February 18, 2010 / 2:29 PM / 9 years ago

Pakistan says Taliban arrest not due to U.S. pressure

BRUSSELS (Reuters) - Pakistan’s arrest of an Afghan Taliban commander was not done under pressure from its U.S. ally and shows the sincerity of its fight against terrorism, the foreign minister said on Thursday.

“We have done it because it is in our interests to do so,” Pakistani Foreign Minister Shah Mehmood Qureshi told Reuters on the sidelines of a security conference in Belgium.

“If you think that Pakistan is deploying over 100,000 troops on the western border under pressure, if you think we are conducting military operations in Pakistan under pressure, that’s the wrong impression,” he said at the EastWest Institute.
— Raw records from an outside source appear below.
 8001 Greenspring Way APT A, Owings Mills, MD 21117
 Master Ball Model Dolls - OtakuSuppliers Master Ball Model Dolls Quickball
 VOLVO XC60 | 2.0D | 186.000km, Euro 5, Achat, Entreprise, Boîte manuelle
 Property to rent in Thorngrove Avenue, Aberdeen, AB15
Despite its denials, Pakistan has long turned a blind eye to Afghan Taliban members on its soil as leverage over Afghanistan where it has curried favor with successive governments as a strategic counterbalance to regional rival India.

“We do not want to see the Talibanisation of Pakistan,” he said. “This is service in a common cause.”
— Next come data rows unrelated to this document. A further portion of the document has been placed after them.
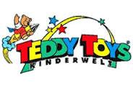 Teddy Toys logo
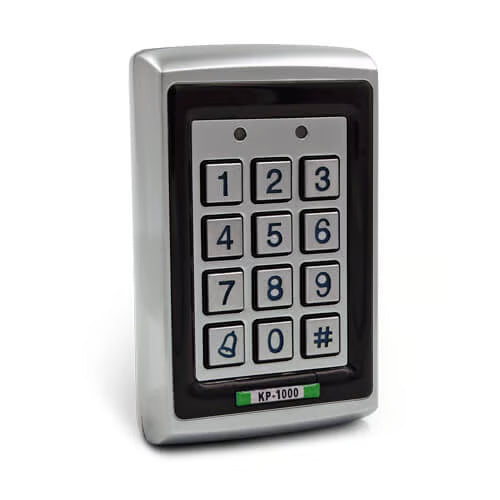 Access Keypad with code entry only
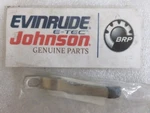 E94 Omc Evinrude Johnson 0389267 Lever Assembly Oem New Factory Boat Part. Fixed Price $23.02.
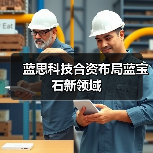 蓝思科技合资布局蓝宝石新领域(图4) 蓝思科技合资布局蓝宝石新领域(图4)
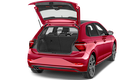trunk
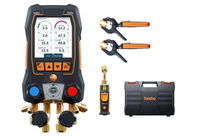 Elektroniczne manometry TESTO 558s bluetooth
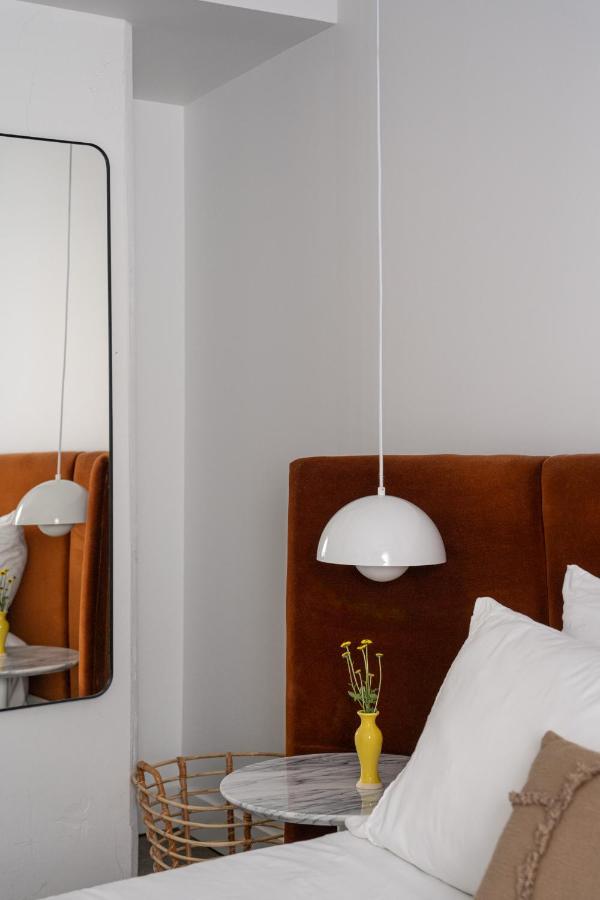 Habitación 107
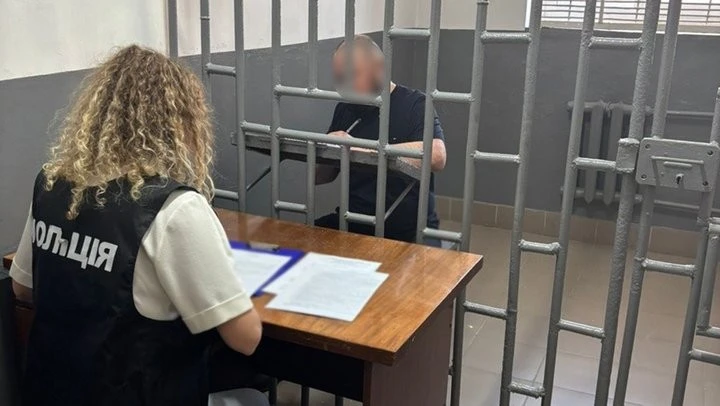 На Тернопільщині викрили злочинну групу, що допомагала військовозобов’язаним тікати за кордон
His comments were the first by a senior Pakistani official about the arrest of Mullah Abdul Ghani Baradar, beyond terse statements confirming the event.

Baradar, the most senior Taliban commander ever arrested in Pakistan, was picked up in the southern city of Karachi this month in a raid by Pakistani and U.S. agents.
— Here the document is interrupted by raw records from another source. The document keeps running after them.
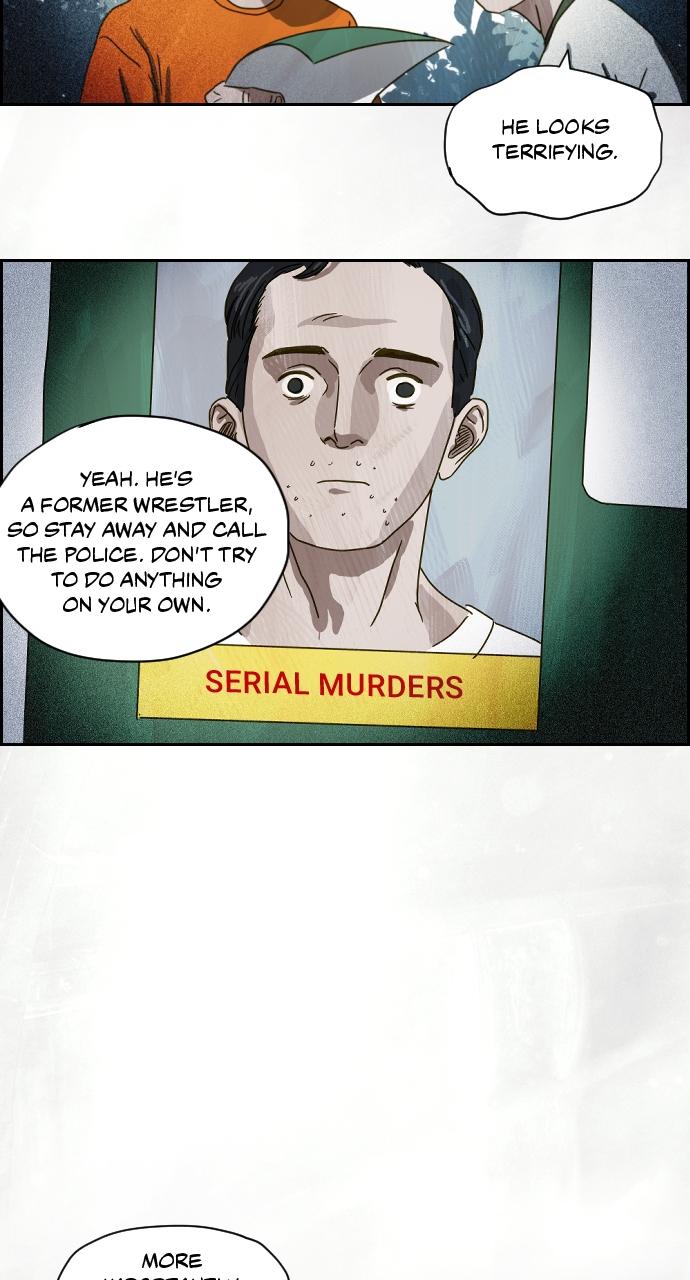 Day of Disaster Chap 2 - Next Chap 3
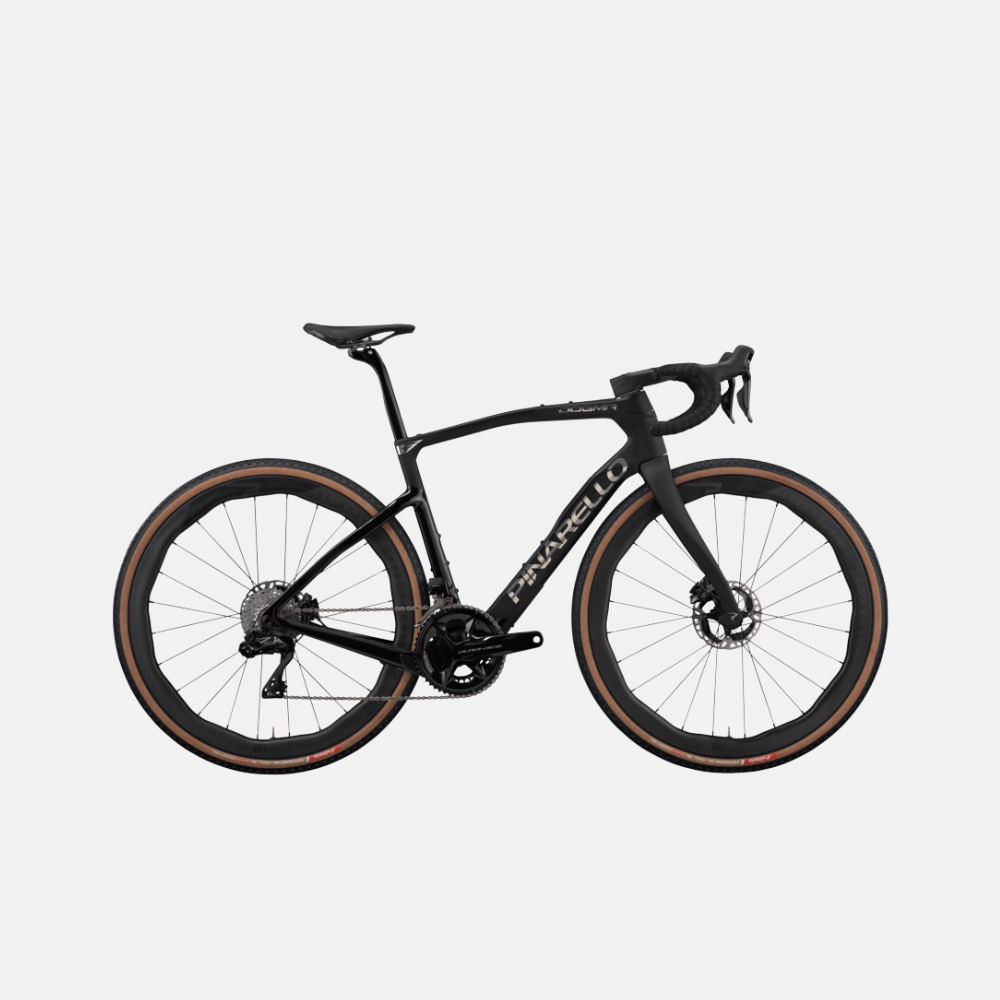 Pinarello DOGMA GR SRAM RED XPLR AXS 1x13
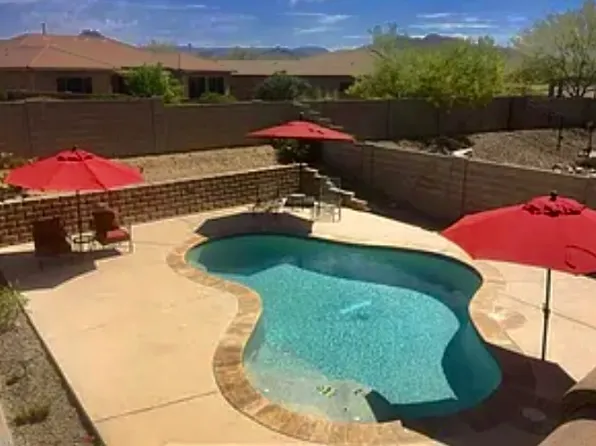 4918 W Carpenter Dr, New River, AZ 85087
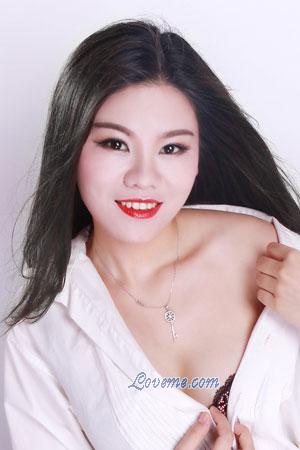 213660 - Cindy Idade: 32 - China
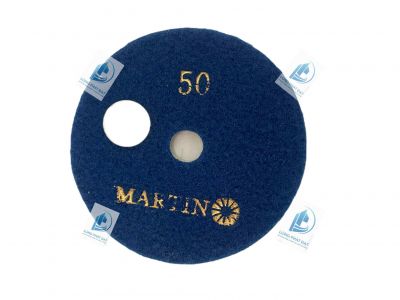 Lá Số MARTIN 50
He was captured as U.S. forces spearheaded one of NATO’s biggest offensives against the Taliban in Afghanistan.

Qureshi dismissed a suggestion that the detention showed it had more clout and contacts with militant groups operating on Pakistani soil than it publicly maintains.

“It (the arrest) is a reflection of Pakistan’s seriousness in dealing with terrorism and terrorists,” Qureshi said.

“The world should have been appreciative that a person known to be involved in activities in Afghanistan where there are soldiers from NATO and ISAF was arrested. This is positive.”

The United States and its Western allies have trusted Pakistani intelligence to help combat al Qaeda, but there have long been suspicions that it has taken a permissive line over the Afghan Taliban, allowing the militants freedom to attack Afghanistan over the border.

The United States has said the Taliban leadership council has been operating in Pakistan for years.

Qureshi dismissed the notion that Baradar’s arrest showed that Pakistan could, if it chose, move more forcefully against Pakistani militant groups that see Indian as their main enemy.

He also denied that it was a ploy to ease U.S. pressure on Islamabad for increased help in stabilizing Afghanistan.

Some analysts said the Pakistani security establishment realized it must demonstrate cooperation with the United States to stake its claim to a role in any Afghan peace process.

“Can’t the skeptics see the price we have paid for terrorism? The lives lost? The huge economic cost?,” he said. “You can always say the glass is half empty or half full but we feel public opinion has moved against extremism convincingly.”

“We have lost more than anyone else in this fight.”